Con un minimo di ritegno, ma proprio un minimo, ha riconosciuto che non c’erano le condizioni per sostenere l’aggravante di eversione dell’ordine democratico, aprendo per altro un buco enorme nel teorema accusatorio, e che forse alcuni degli imputati potevano pure essere lasciati liberi. Giusto per dimostrarsi disponibile a rinunciare a qualcosa, data l’assoluta assenza durante il processo di un qualsivoglia fondamento che desse sostegno all’accusa, per ottenere almeno un parziale risultato. Dunque le richieste sono: assoluzione per sette imputati, 2 anni come partecipanti all’associazione per dieci, 3 anni e 6 mesi per tre accusati di essere i promotori e 4 anni per chi è stata indicata come capa.

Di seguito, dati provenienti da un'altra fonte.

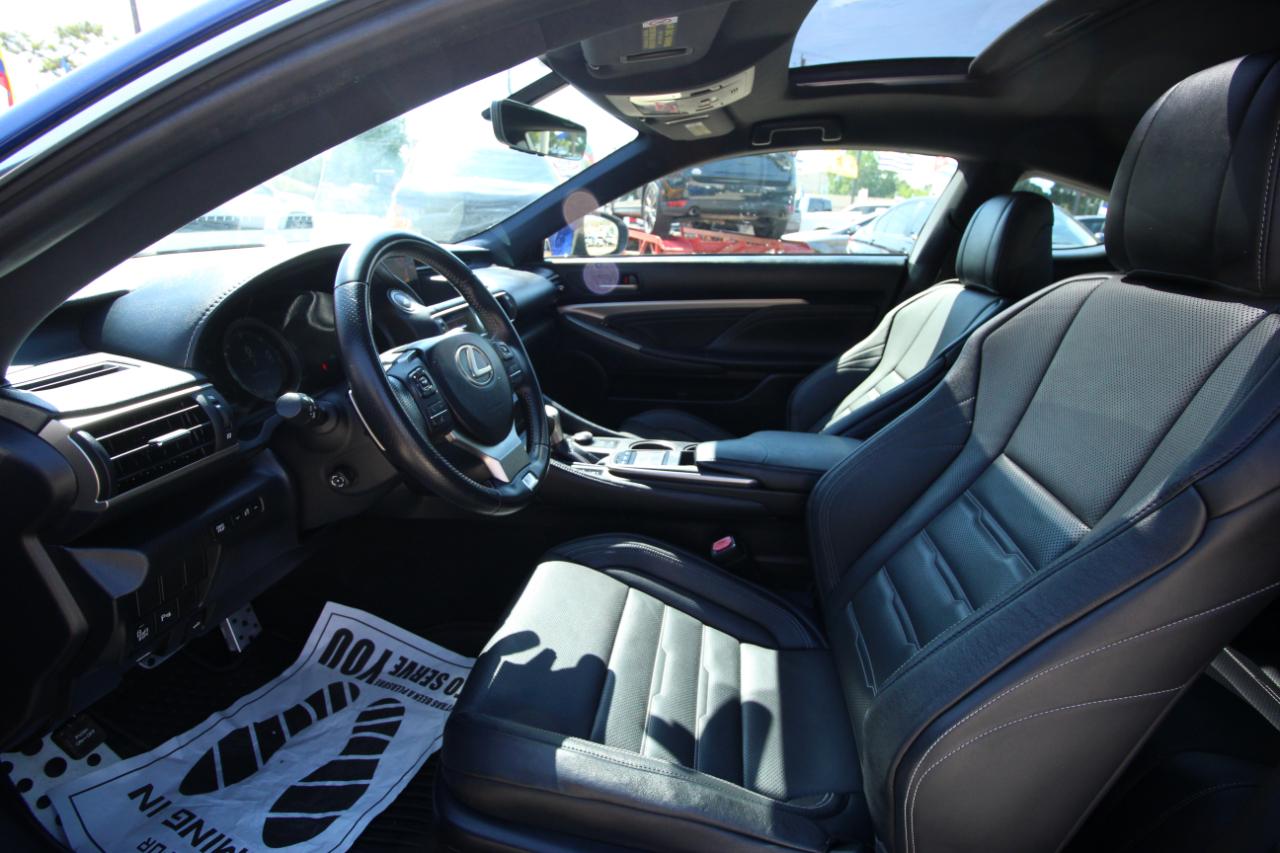 Lexus RC 350 RWD 2015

Tre dei difensori hanno fatto la loro requisitoria dopo quella della pm. Nell’udienza del 17 marzo proseguiranno altri e il 31 marzo termineranno le arringhe della difesa. La corte, nel pomeriggio del 31, si ritirerà in camera di consiglio per decidere la sentenza.
Per ora ci limitiamo a dire che l’intera operazione sin dal suo inizio, con arresti e sequestro dello Spazio di Documentazione Fuoriluogo, è stata palesemente voluta per liberare la città da elementi fastidiosi e per dare un segnale forte, per minacciare chiunque intenda lottare senza preoccuparsi troppo di non commettere reati, di rispettare il piano della legalità. Il summit, tra l’allora commissaria sindaco Cancellieri, funzionari della digos, Maroni ministro dell’interno e chissà chi altri, convocato a seguito di “attentati” a sedi di Eni, Ibm e Lega Nord, segnò l’inizio dell’operazione repressiva. Questo è l’insieme di poteri che ha sostenuto l’impianto accusatorio, del resto assolutamente infondato dal punto di vista probatorio. Non è che ciò ci sembri particolarmente strano, forniamo semplicemente la descrizione di una delle tante operazione dei “signori del sistema dominante” che abbiamo fin qui avuto l’opportunità di seguire passo per passo.